Oh boy. The ump didn’t like that. If he was waiting for a reason to escalate your exchange, well, he’s got one now. You’ve been issued an equipment fine for chucking your bat and helmet. But he hasn’t issued you a warning or anything. In fact, he hasn’t even said anything else to you. He’s just standing there, pretending to check his little card, waiting for you to do or say anything so that he can throw you out.
You’re a superstar. When an umpire throws you out of the game, it’s like slaying a dragon. He knows a lot of people in the audience are here to see you — yeah, you’re on the road, but some people have come here tonight to boo and chant cliches at you. What you do and don’t do will be covered in somebody’s lame blog post tomorrow at the very least. Putting you at the center of some drama will scratch this umpire’s itch to get a little attention. After all, why should you get all of it, just because you’re better at a sport than 99% of the people on this planet, and he’s just an incompetent malcontent with a little hat on??
Finally, after several tense moments of not screaming at each other, you go for it. Later, you don’t even really remember what it is you said; it was something about how much the ump sucks, though. You’re pretty positive of that. It was probably something you’ve said or shouted at an umpire before — ”You’ve got to be better,” and “It wasn’t even ****ing close!” are both in your rotation.
Either one of those can get you a hook, depending on the mood an umpire woke up in. That’s when umpires are at their best: when they’re cranky and wrong. They combine the two a lot. Just the other day, during a Pirates-Nationals game, Angel Hernandez had the worst accuracy rating in baseball in over a year, and he didn’t really want to hear about it. Not exactly out of character for him.

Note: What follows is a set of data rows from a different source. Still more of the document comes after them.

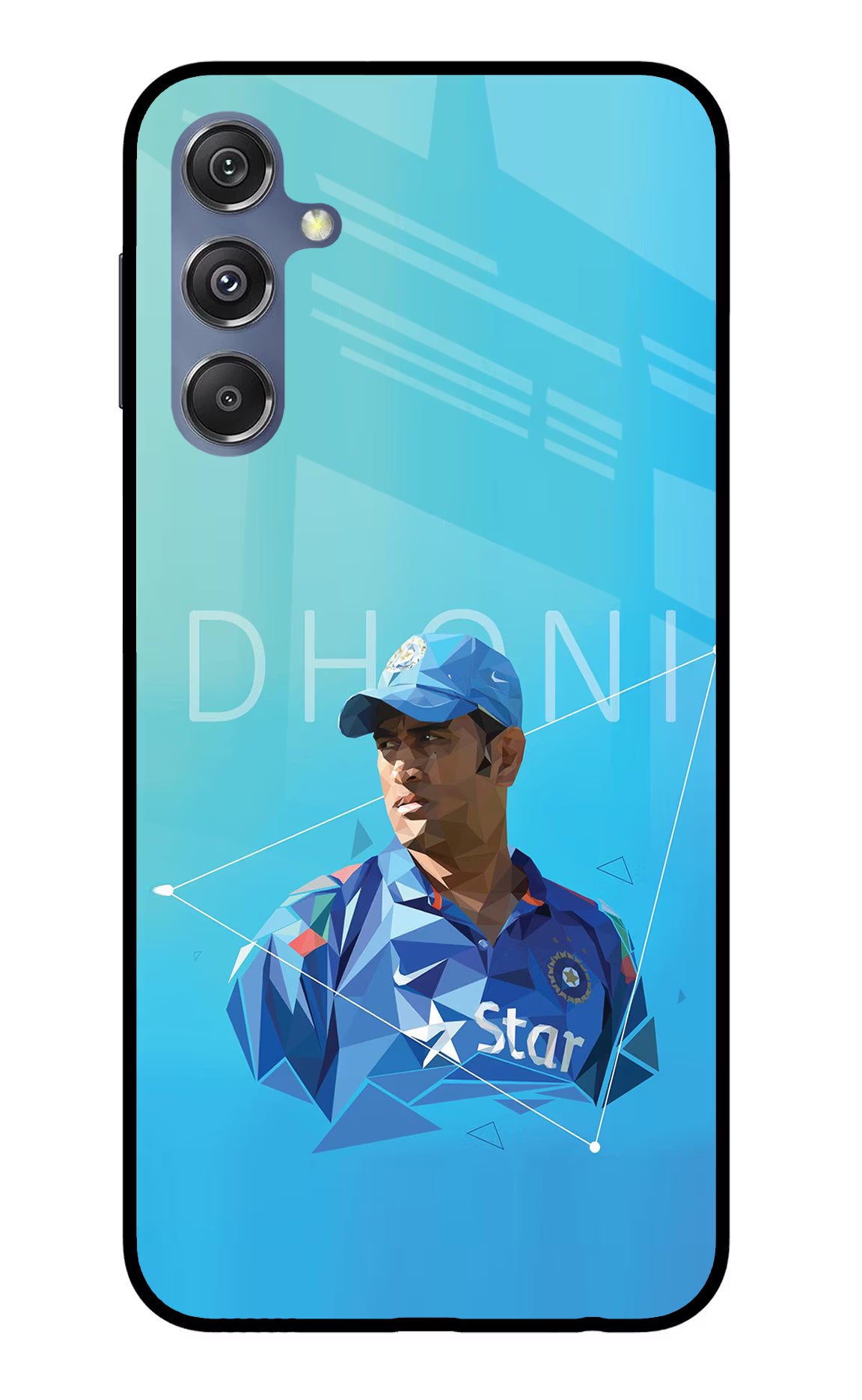 Dhoni Artwork Samsung M34 5G/F34 5G Glass Case Back Cover by Casekaro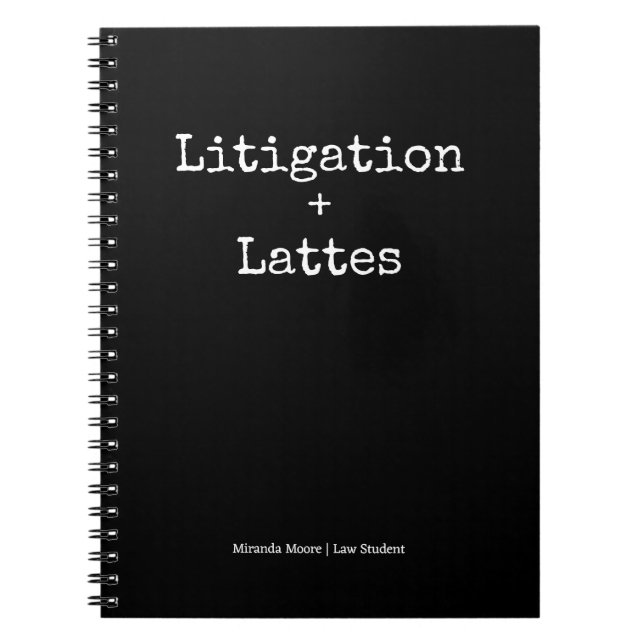 Typografi Latte Studie Juridik Student Trendig Bok Anteckningsbok (Framsidan)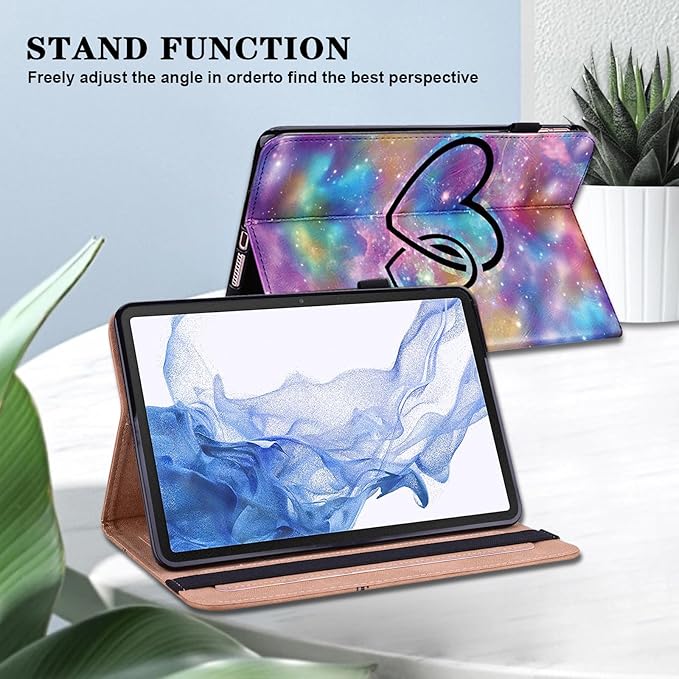 Case for iPad Air 11 Inch M4/M3/M2 (2026/2025/2024),iPad Air 5th/4th Generation Case 10.9 Inch 2022/2020, PU Leather Stand Shockproof Cover with Card Slots - Two Hearts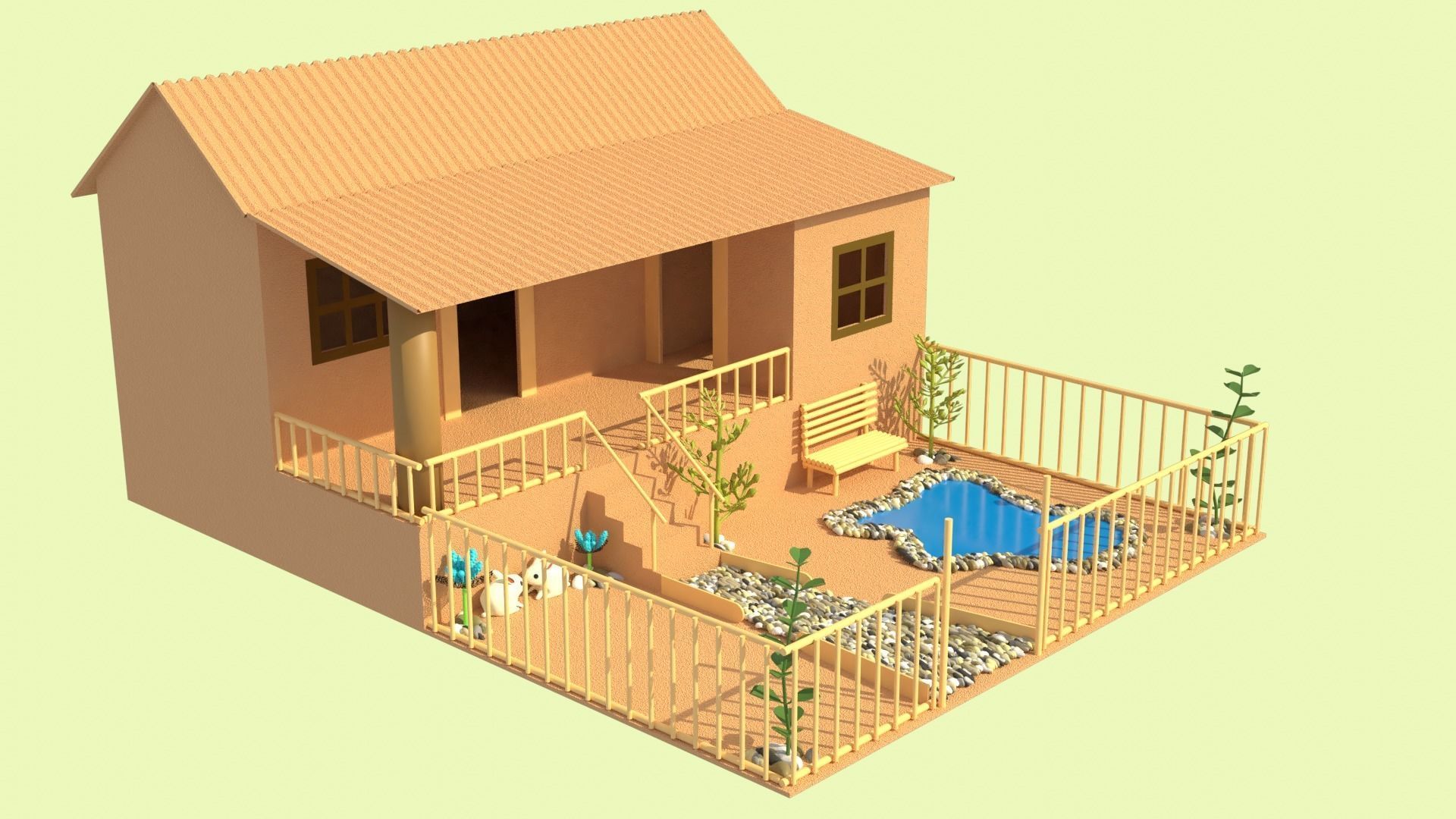 Cardboard house in some formats 3D model_9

You get in the ump’s face — why hold back now — and take casual swipes at your first base coach as he comes over to try to resolve the conflict (or at least conclude it). You’ve been kicked out of the game, so you’re going to say your piece. And your piece is very loud and full of spittle.
With a lame, limp wave of his arm, the umpire ejects you. The mostly-empty Cardinals stadium gives a sad little cheer.
But this guy who just tossed you — he’s got a whole plan. You may think the ejection ends when you leave the field, but for him, things are just getting started.
Later, he and the other umpires are going to watch the Cardinals’ Alec Burleson pretend to get hit by a pitch and you’ll be stunned how easily fooled they are. They’ll even watch it a second time in slow motion, taking as long as they want to view it, and still decide, after careful examination of the footage, that he was, indeed, struck by the pitch.
Who knows? Maybe it was just a day of bad calls and your team took the brunt of them. Or maybe the umpire just wasn’t feeling particularly generous anymore because you hurt his feelings.
You think back to past ejections from your career: When you got ejected for yelling from the dugout even though you weren’t even in the lineup that day after getting hit in the head with a pitch. When you got called out on a pitch that wasn’t a strike but didn’t get ejected for arguing about it until four batters later, forcing your manager to get ejected as well, even though he wasn’t feeling a fraction of the emotion that you were. When they sent you to the showers for charging at the Rockies dugout because some random pitcher barked a few adult words at your teammates.
It happens about twice a year for you, you realize. Typically you get ejected once early in the season and again in the second half, usually in the midst of a few games in which you just aren’t getting the bat on the ball. An umpire’s poor judgment is eternal, but your instinct to scream at them is more cyclical.
Your day is over. You head back to the clubhouse. Already, your frustration has turned back into malaise. You’ll spend the rest of the evening in a folding chair and come back tomorrow, emotionally reset. According to your personal history, you won’t feel the urge to get the heave-ho again until next spring.
Maybe this umpire will have learned how to call a game by then.